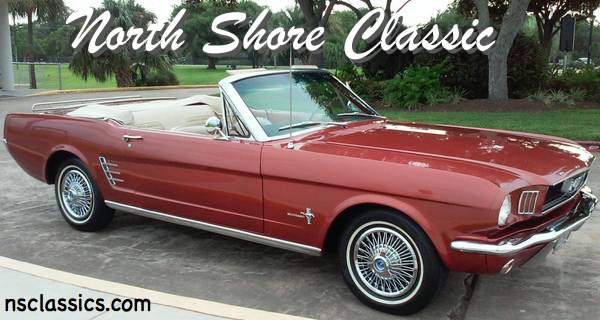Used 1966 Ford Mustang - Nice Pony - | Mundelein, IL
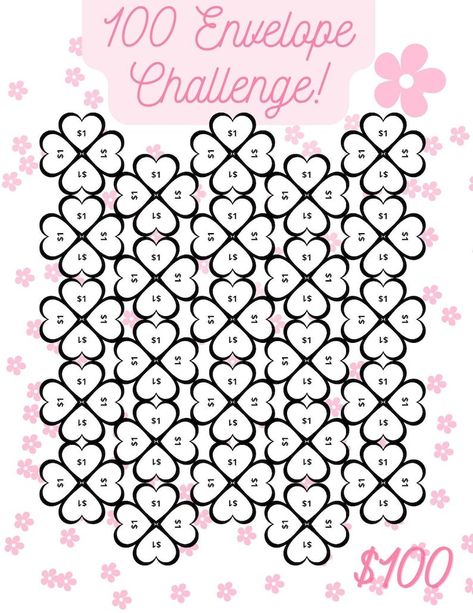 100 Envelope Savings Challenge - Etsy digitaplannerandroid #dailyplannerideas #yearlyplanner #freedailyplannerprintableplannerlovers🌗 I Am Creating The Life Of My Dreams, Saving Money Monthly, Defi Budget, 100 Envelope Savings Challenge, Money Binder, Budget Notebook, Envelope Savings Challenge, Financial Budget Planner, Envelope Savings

* * *

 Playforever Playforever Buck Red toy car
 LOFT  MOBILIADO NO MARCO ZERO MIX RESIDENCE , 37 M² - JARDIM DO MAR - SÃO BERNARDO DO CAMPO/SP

...

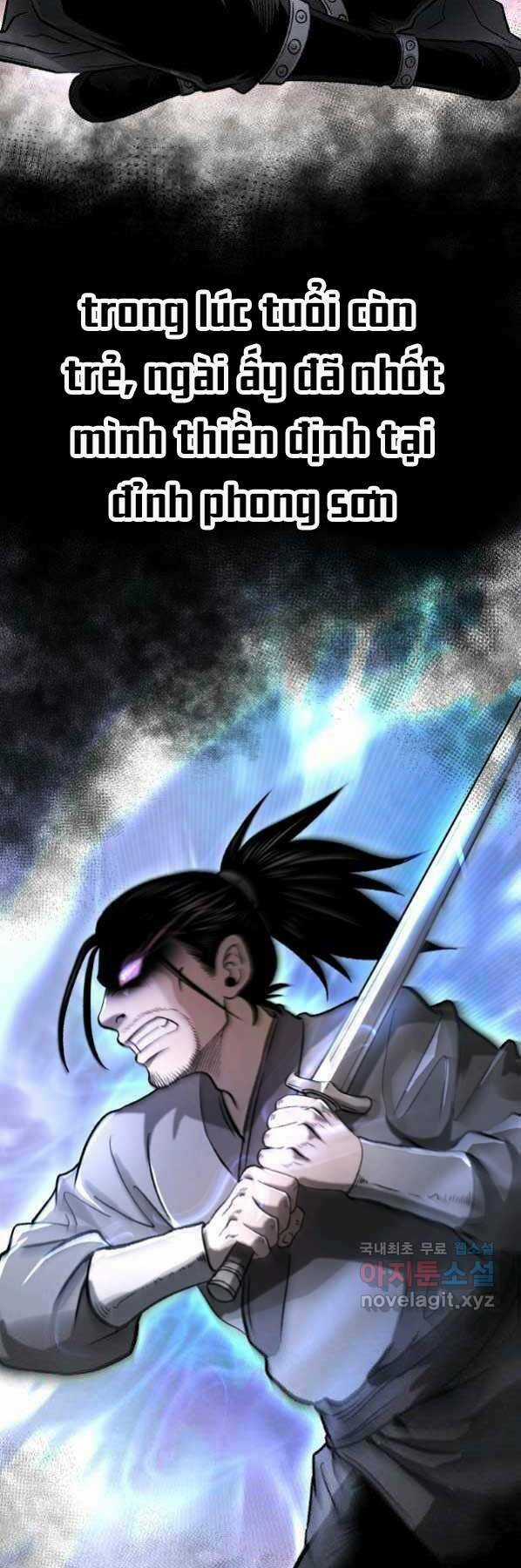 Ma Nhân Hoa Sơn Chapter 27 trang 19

Exercise instructions ::
Set down word for word the lines above from the one with "Used 1966 Ford" up to and including the one with "100 Envelope Savings Challenge - Etsy". Omit every picture.

Solution for this task ::
Used 1966 Ford Mustang - Nice Pony - | Mundelein, IL
 100 Envelope Savings Challenge - Etsy digitaplannerandroid #dailyplannerideas #yearlyplanner #freedailyplannerprintableplannerlovers🌗 I Am Creating The Life Of My Dreams, Saving Money Monthly, Defi Budget, 100 Envelope Savings Challenge, Money Binder, Budget Notebook, Envelope Savings Challenge, Financial Budget Planner, Envelope Savings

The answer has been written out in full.